Non ci sono parole per descrivere questo concerto. Vedere una band che adori dal vivo è sempre un'emozione fortissima.

Riporterò quindi un articolo di giornale che rispecchia e descrive al meglio la serata, pubblicato dal sito del Corriere del Veneto, nell'attesa di poter aggiungere magari qualche nota in merito io stessa (così pecco di originalità, ma pazienza).
Appena ho tempo vedrò di caricare inoltre su YouTube un paio di video girati al concerto. :)


Di seguito vedrete postate delle foto che ho scattato io stessa dalla mia prima/seconda fila al concerto: purtroppo non sono una professionista quindi non ho avuto il privilegio di stare tra il palco e le transenne come gli altri fotografi, ma ho cercato di fare comunque del mio meglio immortalando quei momenti.
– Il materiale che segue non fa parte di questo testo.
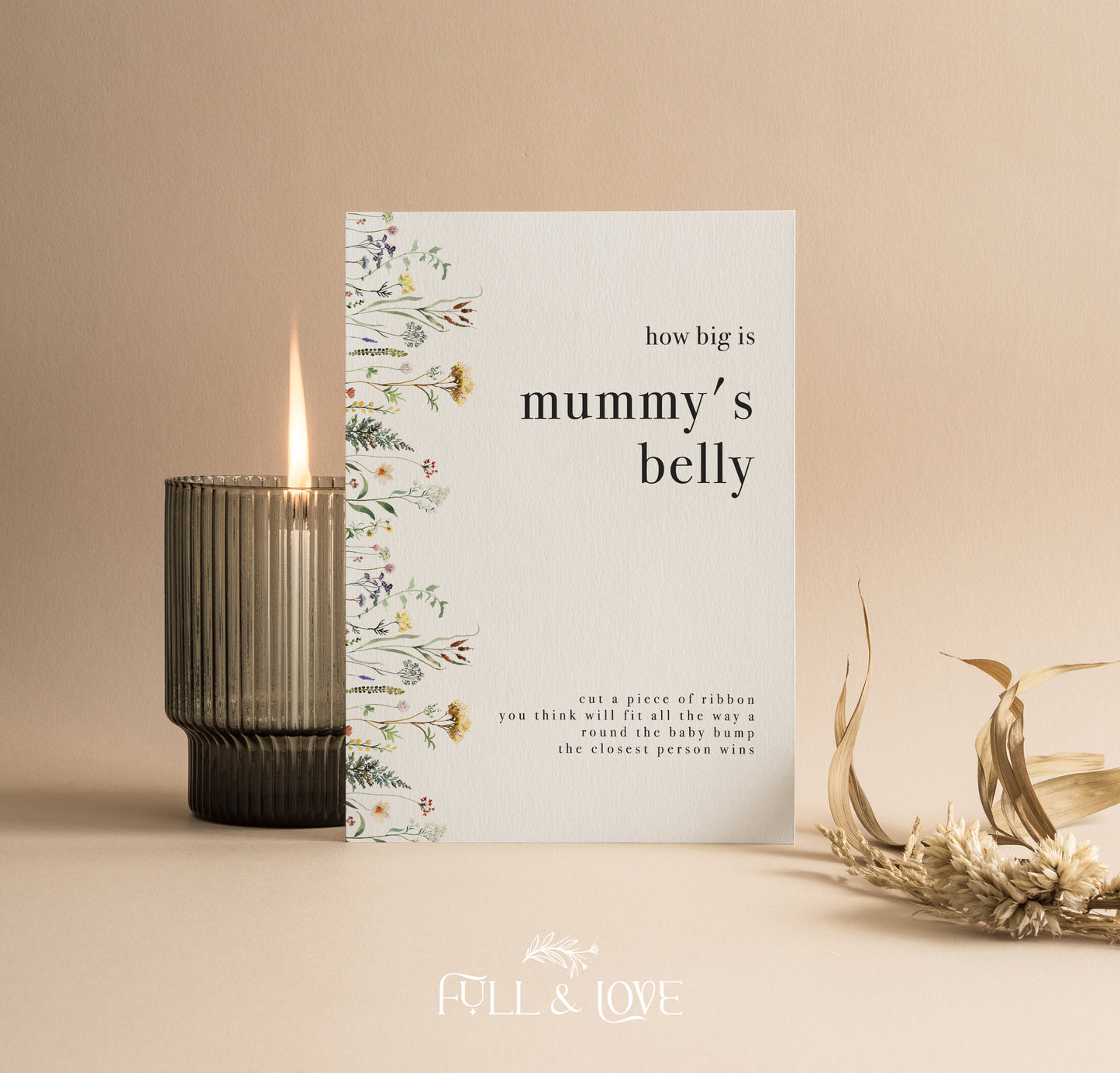 How Big Is Mummy's Belly Game Sign - Baby in Bloom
Difficile aspettarsi qualcosa di più da un concerto. Dal punto di vista visivo e sonoro, il concerto dei Radiohead, mercoledì a Villa Manin di Codroipo (Udine), ha sfiorato la perfezione. Troppo semplice dire che eccellenza e Oxford fosse un binomio su cui andare sul sicuro. In realtà i Radiohead grazie alle precedenti tournée (con tante eccezioni, come per il live in Arena del 2001) si erano cuciti addosso la fama di band, dal vivo, troppo perfettina e distaccata. Reputazione spazzata via con le due ore di live di mercoledì.
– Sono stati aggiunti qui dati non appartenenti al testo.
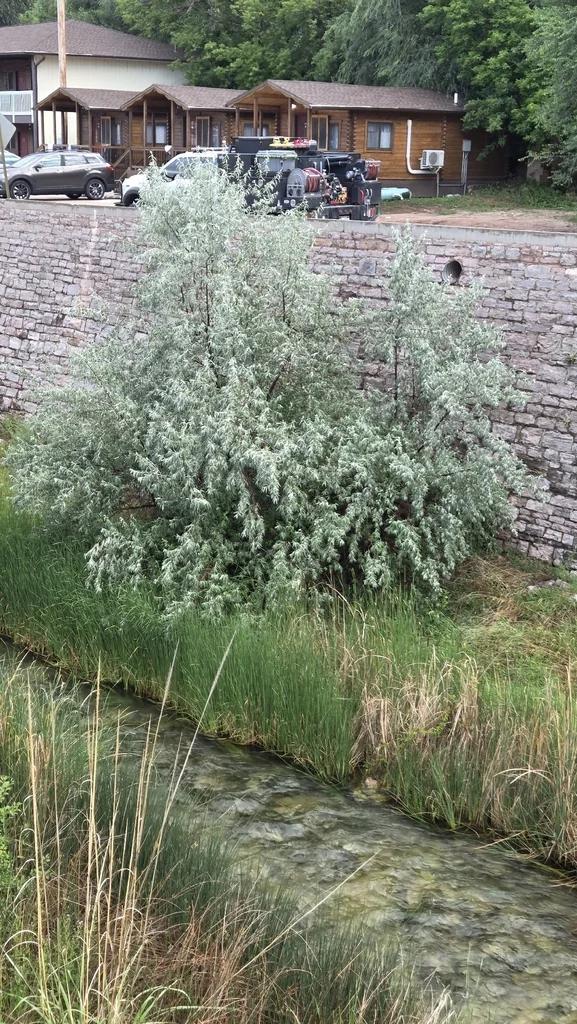 Elaeagnus angustifolia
Definire la scenografia imponente, è come dire che la Gioconda è un bel quadro. Un video wall lungo tutto il palco e alto sei metri dietro il quale si inserisce un muro luminoso, grande come la facciata di un palazzo a quattro piani composto da bottiglie di plastica riciclata, davanti cui si librano 12 schermi mobili uguali ad altri sei posizionati in alto. Una curiosità gli stessi “schermi volanti” sono stati usati dai Negramaro durante l'ultimo tour. Per il suono le parole servono ancora meno. Si potrebbe parlare di concept live, visto l'uniformità degli arrangiamenti proposti, che hanno fatto indossare alla musica dei Radiohead un bellissimo vestito fatto di sperimentazione ed elettronica, aloni di trip hop e funky uniforme almeno per il primo set, le sedici canzoni prima dei bis. Oltre alla qualità audio altissima dell'amplificazione e del missaggio dei suoni, quello che in realtà è fondamentale è la cura del suono prodotto dalla band vista con Thom Yorke alla voce (eccitato e scatenato sul palco), Jonny Greenwood alla chitarra, Ed O'Brien alla chitarra ritmica, Colin Greenwood al basso e Phil Selway alla batteria, a cui era aggiunto la batteria di Clive Deamer, già dei Portishead.
Suoni sommati all'infinito, uno sull'altro, adagiati, ampliati, stirati e spezzati dall'elettronica, dai missaggi e dai campionamenti, un prato all'inglese sui cui corre tutta la musica dei Radiohead che in questa stratificazione offre il meglio, tenendo come punto di riferimento l'ultimo “The King of Limbs” (otto canzoni su 24) e offrendo arrangiamenti importanti dei brani della carriera. Una scaletta che da “Lotus Flower” al delirio generale di “Paranoid Android” ha regalato viaggi nei circuiti più elettronici in “Bloom” a vortici emotivi come “The Gloaming”, momenti di vivo tormento in “Nude”, e tribalità postmoderna per “Reckoner” e “There There”. I bis sono stati più liberi cinque canzoni fino all'incanto di “Idioteque”.